The starting point at which exosomes are to be isolated varies based on the experimental goals. In studies investigating the role of tumour‐derived exosomes in cancer progression, exosomes were isolated from various cancer cell lines such as breast cancer, pancreatic cancer, gastric cancer and colorectal cancer [75]. Another area of interest is the potential use of exosomes as therapeutic carriers of antitumour microRNA or chemotherapy agents [76, 77]. This may allow for improved tissue targeting, increasing the potency of the delivered drug [78]. Exosomes are often isolated from cell‐conditioned media with differential centrifugation being the most common method of enriching exosomes [7577, 79, 80]. Most of the exosome isolation protocols involved low‐speed centrifugation steps to remove cells and cell debris followed by high‐speed centrifugation at 100,000 g and a washing step of the pellet with a final centrifugation. In a study by Alvarez‐Erviti et al. [77], exosomes were derived from cultured dendritic cells, which was chosen based on data demonstrating that dendritic cell‐derived exosomes contained immune‐stimulating components such as major histocompatibility complex (MHC) class I and class II molecules in addition to T‐cell‐stimulating molecule, CD86 [81]. Studies also showed that isolated exosomes can be loaded with exogenous RNA or chemotherapy drugs by different methods, including electroporation and sonication [77, 78].

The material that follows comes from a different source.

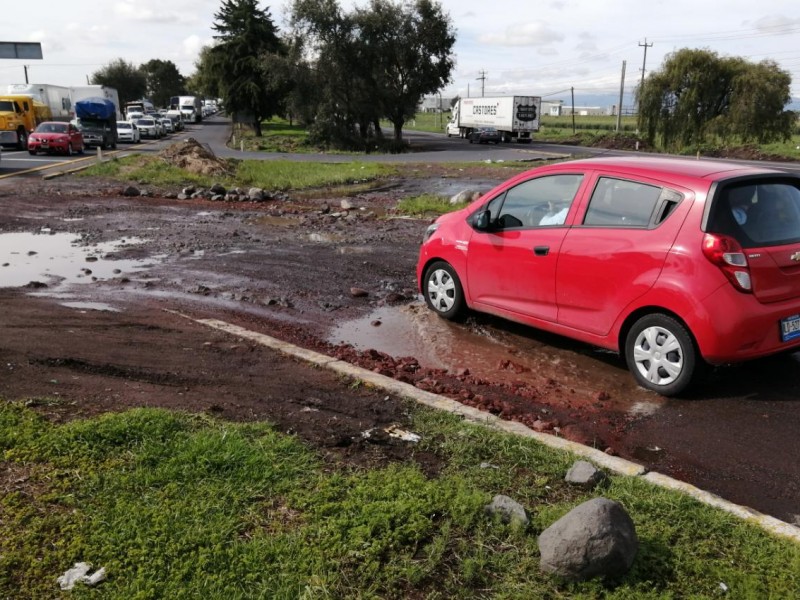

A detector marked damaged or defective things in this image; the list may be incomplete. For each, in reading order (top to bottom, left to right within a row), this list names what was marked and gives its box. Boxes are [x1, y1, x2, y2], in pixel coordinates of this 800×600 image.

damaged road surface [4, 157, 800, 528]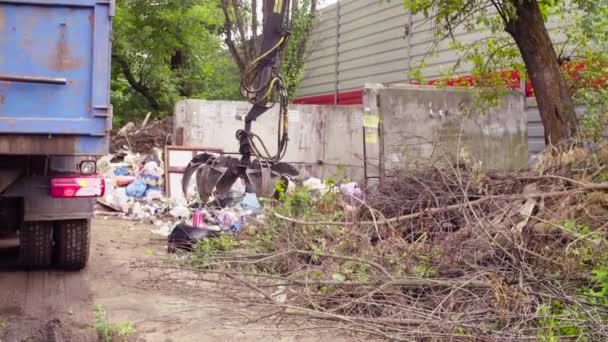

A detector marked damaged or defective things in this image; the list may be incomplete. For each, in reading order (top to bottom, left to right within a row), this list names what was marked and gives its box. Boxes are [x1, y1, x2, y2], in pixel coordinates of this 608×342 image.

rusty metal container wall [0, 0, 113, 155]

To enable the in vivo tracking of exosomes, they can be labelled post isolation with a lipophilic membrane dye such as Paul Karl Horan (PKH), DiOC18 (DIR) or DiIC18 (Dil) [75, 80, 82]. An alternative method of generating labelled exosomes is by transfecting donor cells with a construct encoding for a fluorescence‐membrane fusion protein. In this approach, a membrane‐bound variant of bioluminescence reporter, Gaussia luciferase, is transfected into the donor cells, producing luciferase‐labelled exosomes [82, 83]. A major difference between the two labelling approaches is the time and expertise required. The post‐isolation membrane dye labelling is quick (∼1 h), whereas the transfection of cells requires additional time (∼2 weeks) and expertise in vector and viral cloning and transfection [79, 84]. Additionally, a study by Lai et al [83] reported quicker rates of clearance of transfected luciferase‐labelled exosomes compared to the dye‐labelled exosomes. The authors attributed this difference to the possibility of the highly stable dyes being an artefact instead of indicating intact exosomal presence.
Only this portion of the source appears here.